Volume 27 Number 08
The Working Programmer - Cassandra NoSQL Database: Getting Started
By Ted Neward | August 2012
The ancient Greeks told the story of Cassandra, the daughter of King Priam and Queen Hecuba of Troy. She was one of the most beautiful women of her generation. When offered the gifts of a prophetess by the Greek god Apollo, she quickly accepted, but when she later spurned his amorous advances, Apollo cursed her to always know the truth and never be believed by any to whom she spoke it. Thanks to her gift of prophesy, Cassandra foresaw the trap presented by the Trojan horse, but thanks to her curse of disbelief, no one in Troy would listen to her warnings. They brought the horse within the city walls, and unwittingly invited the Greek soldiers hidden therein into the city, which led to Troy’s fall. Cassandra was taken as a war prize back to Greece by Agamemnon, where she again foresaw the future: his (and her) death, but was again disbelieved—and, sure enough, both he and she were killed.

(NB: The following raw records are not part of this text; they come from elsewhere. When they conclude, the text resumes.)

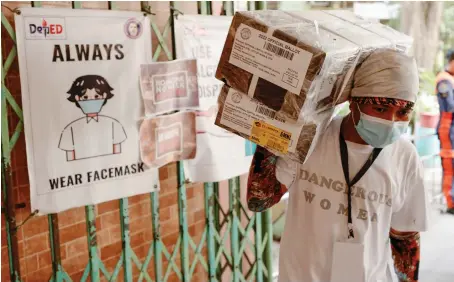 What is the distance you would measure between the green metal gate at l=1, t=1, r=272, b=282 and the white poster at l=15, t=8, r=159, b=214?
7 centimetres


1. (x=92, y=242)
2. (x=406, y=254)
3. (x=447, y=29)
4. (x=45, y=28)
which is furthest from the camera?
(x=447, y=29)

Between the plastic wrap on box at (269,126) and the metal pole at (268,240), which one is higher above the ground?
the plastic wrap on box at (269,126)

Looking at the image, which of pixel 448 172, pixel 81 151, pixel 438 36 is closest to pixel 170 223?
pixel 81 151

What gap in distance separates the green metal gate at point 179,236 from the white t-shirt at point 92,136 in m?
0.19

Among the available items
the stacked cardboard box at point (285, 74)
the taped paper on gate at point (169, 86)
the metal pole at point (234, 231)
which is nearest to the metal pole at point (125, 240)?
the taped paper on gate at point (169, 86)

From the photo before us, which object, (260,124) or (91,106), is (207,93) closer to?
(91,106)

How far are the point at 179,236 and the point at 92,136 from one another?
2.56ft

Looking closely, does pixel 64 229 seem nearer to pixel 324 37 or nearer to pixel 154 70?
pixel 154 70

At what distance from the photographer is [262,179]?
1620 millimetres

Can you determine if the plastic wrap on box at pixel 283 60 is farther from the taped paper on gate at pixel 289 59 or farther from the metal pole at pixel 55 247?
the metal pole at pixel 55 247

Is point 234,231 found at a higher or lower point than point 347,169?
lower

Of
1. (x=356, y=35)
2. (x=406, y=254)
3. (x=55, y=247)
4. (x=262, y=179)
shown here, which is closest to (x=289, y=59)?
(x=356, y=35)

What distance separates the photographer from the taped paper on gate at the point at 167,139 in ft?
7.70

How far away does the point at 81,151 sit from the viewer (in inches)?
83.7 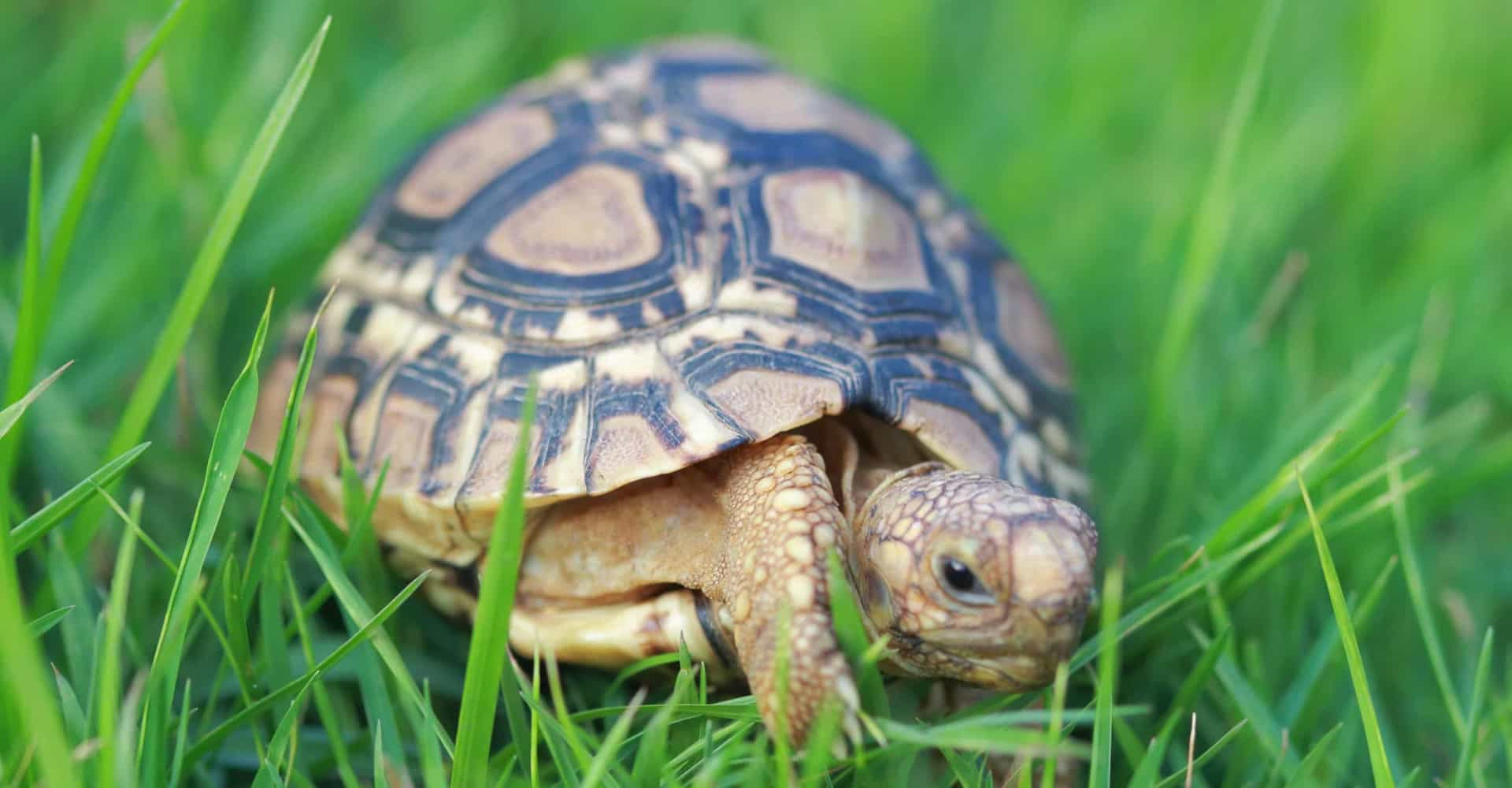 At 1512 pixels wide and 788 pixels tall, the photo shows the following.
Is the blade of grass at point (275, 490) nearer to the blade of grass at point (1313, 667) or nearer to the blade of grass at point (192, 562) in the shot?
the blade of grass at point (192, 562)

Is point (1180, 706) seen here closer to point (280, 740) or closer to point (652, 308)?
point (652, 308)

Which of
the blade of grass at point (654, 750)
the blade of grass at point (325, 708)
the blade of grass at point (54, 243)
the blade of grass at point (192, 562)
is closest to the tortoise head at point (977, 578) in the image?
the blade of grass at point (654, 750)

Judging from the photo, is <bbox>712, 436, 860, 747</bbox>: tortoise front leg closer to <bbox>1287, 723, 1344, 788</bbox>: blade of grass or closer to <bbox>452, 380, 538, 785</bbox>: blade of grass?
<bbox>452, 380, 538, 785</bbox>: blade of grass

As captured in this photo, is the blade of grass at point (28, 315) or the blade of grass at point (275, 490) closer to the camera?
the blade of grass at point (275, 490)

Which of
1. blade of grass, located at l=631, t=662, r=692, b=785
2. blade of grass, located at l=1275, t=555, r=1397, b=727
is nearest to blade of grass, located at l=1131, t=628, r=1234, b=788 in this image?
blade of grass, located at l=1275, t=555, r=1397, b=727

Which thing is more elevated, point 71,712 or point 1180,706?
point 71,712

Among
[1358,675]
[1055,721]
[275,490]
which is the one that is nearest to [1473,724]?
[1358,675]

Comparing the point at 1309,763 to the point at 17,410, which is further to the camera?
the point at 1309,763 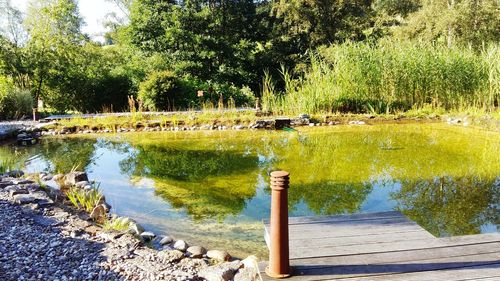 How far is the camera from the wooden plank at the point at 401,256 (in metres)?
2.40

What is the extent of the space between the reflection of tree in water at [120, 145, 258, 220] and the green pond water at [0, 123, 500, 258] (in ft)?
0.05

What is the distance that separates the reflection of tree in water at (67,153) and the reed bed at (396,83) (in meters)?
5.12

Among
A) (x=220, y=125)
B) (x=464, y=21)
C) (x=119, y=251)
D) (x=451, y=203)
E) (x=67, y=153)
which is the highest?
(x=464, y=21)

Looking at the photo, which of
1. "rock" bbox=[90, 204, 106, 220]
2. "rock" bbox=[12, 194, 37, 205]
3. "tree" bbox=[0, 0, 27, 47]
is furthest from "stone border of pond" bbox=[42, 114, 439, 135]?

Modern computer science geeks tell the story of Cassandra a little differently, as Apache Cassandra, another of the “NoSQL” databases—and a popular one at that—in use at a variety of well-known Internet-based companies (YouTube, Netflix and others), and presumably one whose reports are actually taken at face value. (Rumor has it that Cassandra is a pun on another famous prophetess, the Oracle of Delphi.)
To the developer, Cassandra the software can be just as confusing as Cassandra the Trojan. It’s “an open source, distributed, decentralized, elastically scalable, highly available, fault-tolerant, tuneably consistent, column-oriented database that bases its distribution design on Amazon’s Dynamo and its data model on Google’s Bigtable” (source: “Cassandra: The Definitive Guide,” O’Reilly Media, 2010, p. 14).
Sometimes I think the Greek myths make more sense than my industry does.
Breaking all that down, we see that:
- Cassandra is built to store lots and lots and lots of data (hundreds of terabytes seem to be a commonly cited example) across a variety of machines arranged in a ring, as opposed to the trend within relational database thinking that says “buy a bigger box” (for scaling horizontally, rather than vertically).
- Cassandra has a data model that looks like the relational database’s data model on the surface, sounds kind of like it with its discussions of columns, column families and named values, but acts nothing like it in practice.
More relevant to this discussion, Cassandra has been gaining momentum within the developer community as a worthwhile tool to have in the toolbox, so it seemed like a good idea to turn our collective columnar gaze upon a column-oriented database. (Pun intended.)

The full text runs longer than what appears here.